Watch: Taj Burrow’s Last Video Part With A Billabong Sticker
25 years after signing with the Australian surf co., Taj Burrow will be peeling back the double-wave adhesives.
Have the 2020s been wild, or what?
Following the recent Hurley and Rip Curl team fallouts, today, a man who has spent the majority of his quarter-century surf career with Billabong’s double-wave logo on his nose, Taj Burrow, has left the Aussie brand for greener pastures.
There will be more info coming soon on Taj’s future sponsorship plans. For now, enjoy his last video part with a Billabong sticker (and also that timeless and surgical backhand!) and let’s reminisce on some of Taj’s Billabong-laden career-defining moments.
Sabotaj, Montaj, and Fair Bits
While his contemporaries were putting 150% into the comp scene, Taj split his energy in the 2000s between being a WCT stud and the most iconic surf film star of a generation.
Sabotaj, Montaj, and Fair Bits weren’t just fun to watch. They defined an era. They gave rise to the next crop of progressive, competitive-minded surfers like Kolohe Andino. And they wouldn’t have been possible without Billabong’s backing, both financially and in allowing one of their marquee athletes to pursue his passions outside of a jersey.

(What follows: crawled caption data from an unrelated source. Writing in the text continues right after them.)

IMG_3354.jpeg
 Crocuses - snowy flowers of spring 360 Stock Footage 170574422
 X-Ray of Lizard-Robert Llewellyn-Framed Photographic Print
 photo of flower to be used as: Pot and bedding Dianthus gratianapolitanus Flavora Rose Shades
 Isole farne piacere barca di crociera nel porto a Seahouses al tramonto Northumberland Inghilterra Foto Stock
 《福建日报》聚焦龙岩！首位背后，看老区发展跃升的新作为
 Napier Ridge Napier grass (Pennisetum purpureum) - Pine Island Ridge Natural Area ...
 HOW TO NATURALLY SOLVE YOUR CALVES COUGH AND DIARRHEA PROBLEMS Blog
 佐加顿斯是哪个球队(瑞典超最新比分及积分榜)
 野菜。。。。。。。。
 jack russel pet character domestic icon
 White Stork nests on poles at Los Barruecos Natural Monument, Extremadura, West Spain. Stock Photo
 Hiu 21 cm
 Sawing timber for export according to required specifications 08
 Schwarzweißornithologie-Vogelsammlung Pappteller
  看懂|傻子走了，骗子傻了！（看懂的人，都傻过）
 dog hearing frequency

Taj Burrow’s Hot Book Of Surfing
Like his films—or for some true surf nerds, even more so—Taj’s how-to-rip book was as useful as it was elegant. When we say that this hardback encyclopedia broke down every single maneuver known to the sport of surfing (or at least those created up to 2003), we are not being facetious. It also did so in an easily digestible and straight-forward manner, along with sequential images so we knew exactly what Taj was talking about.
While the book failed to spawn an exact Taj surfalike, it helped cultivate a sense of intellectual superiority amongst all of its readers, who even if they’d never caught air before, knew exactly how to stomp one of Taj’s patented alleyoops.
Naturally, a Billabong sticker + boardies adorned the front cover.
Taj’s Small Fries
In 2005, out of the sheer desire to give back to the next generation of West Aussie surfers, Taj started an event called the Small Fries at his homebreak in Yallingup, WA.
The event became an annual tradition and is known for scouting some of the nation’s best young talent, like Jack Robinson, who recently qualified for the CT, or Jai Glindeman, who you might remember from last year’s Innocent’s project. (Jai was also referred to us directly by Taj, who had seen the Lennox lynx surf in a Small Fries event.)
Nineteen years of terrorizing the CT
Taj never won a World Title. Who gives a shit?
Ask anyone who surfed on Tour during Taj’s tenure (except for maybe Mick), and they’ll tell you he was one of the most fearsome draws at any venue. But while competitive in the water, Taj always let his surfing do the talking. He didn’t need to rely on tactics to take down the best. Because his surfing was often more electric than theirs.
Overall, TB won the Rookie of the year in 1998, captured 12 CT event titles, and finished second in the world two separate times. All with Billabong on the nose.
Taj’s last event
In 2016, after 19 years on the World Tour, Taj Burrow announced that he would retire at his favorite stop on the CT shcedule—Fiji. While waves like Cloudbreak and Restaurants offered ample incentive to end his competitive career there, it seemed the real draw for TB was staying on the island of Namotu with all of his best mates, where over the course of a mid-event, week-long flat spell, they indulged in a proper send-off for the universally adored vet.
While we don’t have the official tally on-hand, one can imagine that the previous record for Skulldrags consumed in a seven-day window was tripled by Taj’s mostly-Aussie, layday-loving crew.
And after sobering up, Taj’s professional journey culminated with one of the best heats of his career. In dead-glass, 10-foot Cloudbreak, Taj strung together jaw-dropping turns and tubes against the would-be World Champ, John Florence.
Taj finished with 17-odd points, John with 18.
While Taj seemed more than happy to go down swinging, it’s heats like this that make a case for counting the third, fourth, or maybe even the fifth wave in certain scenarios. Because everybody knows Taj should have won that heat.